Monterey itself held capital status through Spanish rule and Mexican governance, accumulating the infrastructure of a seat of power. The Custom House — the oldest government building in California — still stands. In 1849, Monterey hosted California's first constitutional convention, the meeting that set the state on its path toward statehood. By then the center of political gravity had already moved north, and Monterey was left to find another purpose.

It found several. The sardine industry turned the waterfront into something relentless and productive — canneries running around the clock, the bay harvested at industrial scale. John Steinbeck grew up watching this, and what he saw became *Cannery Row*: the workers, the stink, the beauty and the wreckage of it. Robert Louis Stevenson had already passed through, writing about the region's peculiar quality of light and isolation. Writers came here because something about the place resisted the comfortable and the easy. The sardines eventually ran out — the industry collapsed mid-century — but the Monterey Bay Aquarium now occupies one of the old canneries, and the marine sanctuary that surrounds the bay is among the largest protected ocean environments in the country.

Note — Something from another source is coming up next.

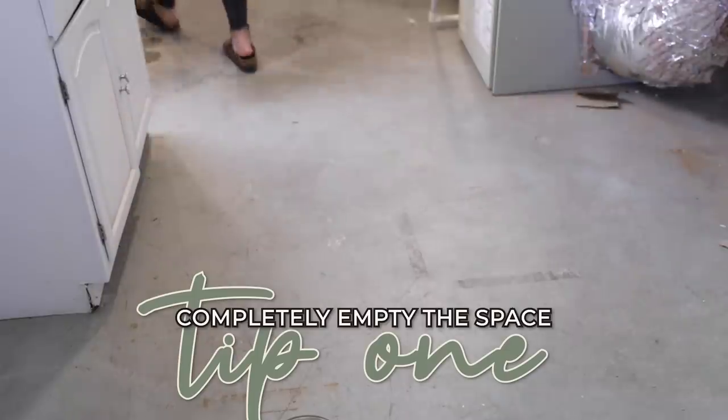First things first: clean out your space. Tyler and I both teamed up on this part. We love to take the items, get them out of the actual room we're organizing, and just start with a clean slate. It's really hard to have any clarity in a space when it's full of stuff. Along this process, it will get worse before it gets better — you're going to make a huge mess, but it's also an incentive to keep going so you can clean it up.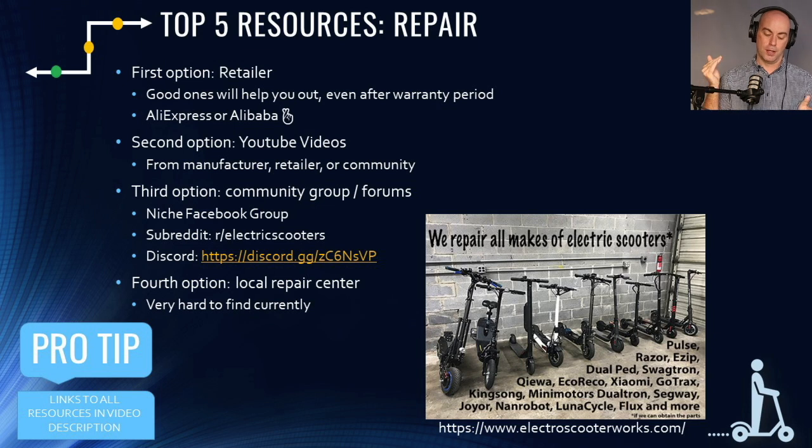You can also check out the subreddit r/electricscooters, which is a more technical group, and there's a Discord channel built off that subreddit with a channel specifically for tech support. Fourth and final option is local repair centers — there aren't many, mostly in major cities, and they're all really new. It's the last option because you'll just have to figure out whether one exists in your area.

South of the city, Highway 1 narrows and the Santa Lucia mountains press the road against the Pacific cliff. This is Big Sur — rugged, sparsely populated, resistant to domestication. Artists and writers found it specifically because it offered no amenity and asked for nothing. The coastline that made it difficult to settle is the same coastline that kept it intact. What the Spanish couldn't easily reach, the twentieth century couldn't easily ruin. The whole stretch from Monterey south operates on this principle: the geography that made things hard is precisely what was worth saving.